Data items
++++++++++

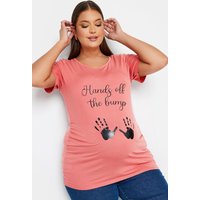 Bump It Up Bump It Up Damen Maternity – T-Shirt in Rosa mit dem Slogan "Hands Off The Bump" in Größe 50-52 | Elasthan/Viskose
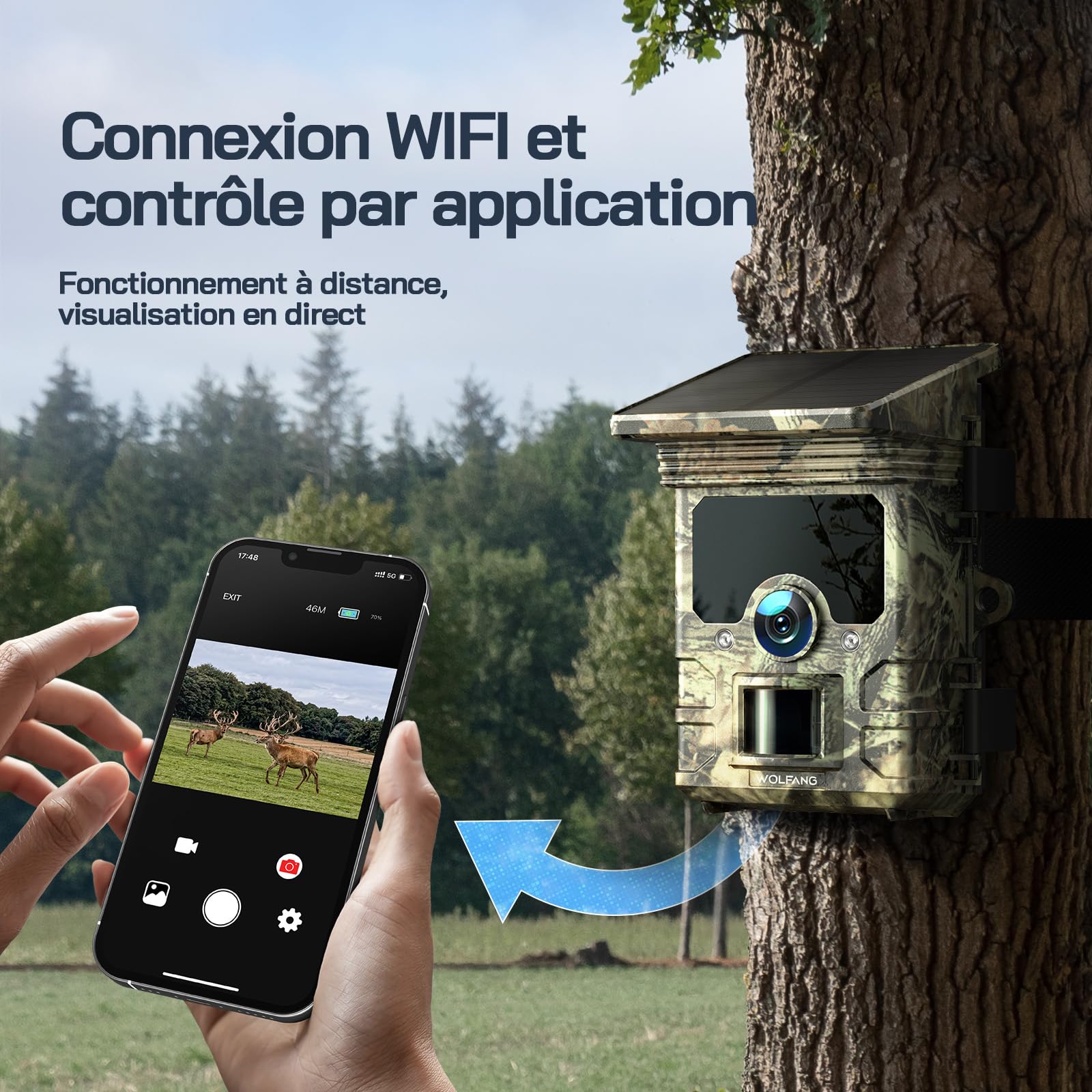 WOLFANG Caméra de Chasse Solaire 4K 30fps 68MP WiFi Bluetooth Camera Chasse Vision Nocturne IP66 Étanche pour la Surveillance de la Faune et la Sécurité à Intérieure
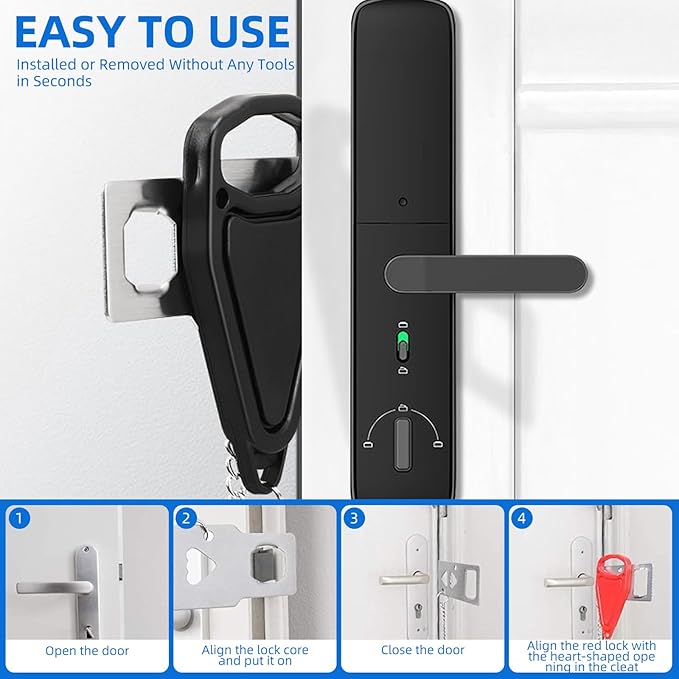 Portable Door Lock 2-Pack – Extra Lock for Home, Hotel & Apartment, Prevent Unauthorized Entry, Enhance Privacy & Safety While Traveling, Protect Family Security (2Red)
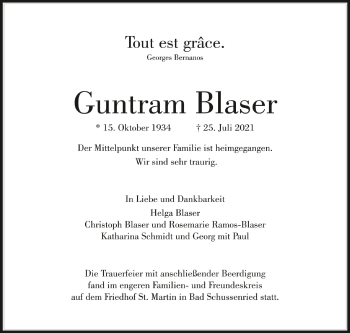 Anzeige von Guntram Blaser von Schwäbische Zeitung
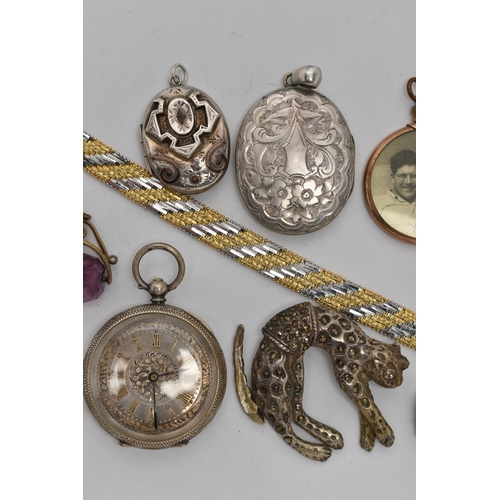 146 - A BAG OF ASSORTED JEWELLERY, to include a silver marcasite cat brooch hallmarked Birmingham, a silve... 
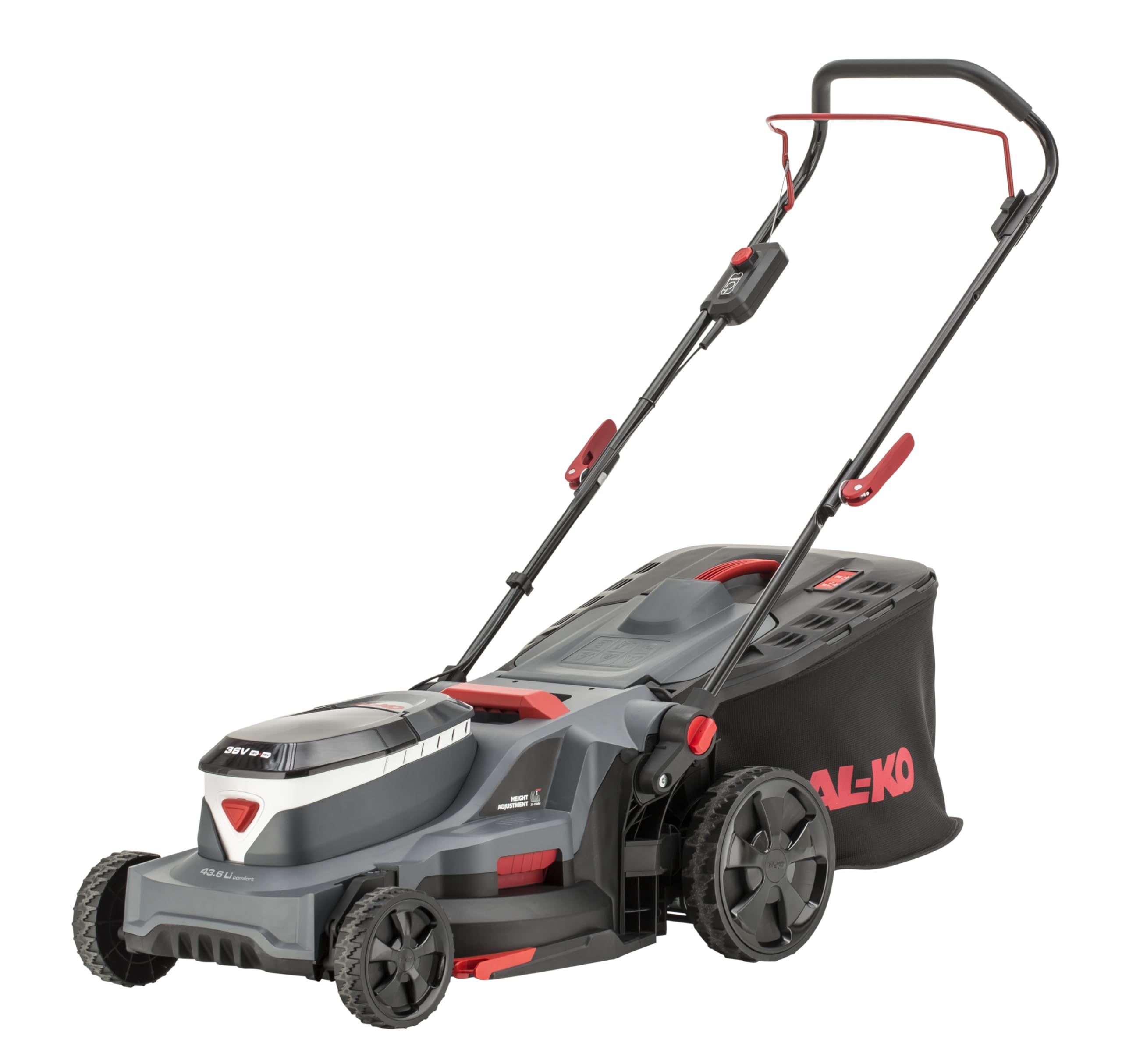 AL-KO Cortacésped inalámbrico 43.6 Li Comfort, Ancho de Corte de 43 cm, Ajuste de Altura de Corte Central, para césped de hasta 650 m², Incluye 2 x 18/36 V (5 Ah/2,5 Ah) y Cargador Doble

++++++++++

Your goal |
Transcribe exactly the lines above, beginning at the one with "WOLFANG Caméra de" and going up to and including the one with "Anzeige von Guntram". Pictures do not belong in the copy.

Written answer |
 WOLFANG Caméra de Chasse Solaire 4K 30fps 68MP WiFi Bluetooth Camera Chasse Vision Nocturne IP66 Étanche pour la Surveillance de la Faune et la Sécurité à Intérieure
 Portable Door Lock 2-Pack – Extra Lock for Home, Hotel & Apartment, Prevent Unauthorized Entry, Enhance Privacy & Safety While Traveling, Protect Family Security (2Red)
 Anzeige von Guntram Blaser von Schwäbische Zeitung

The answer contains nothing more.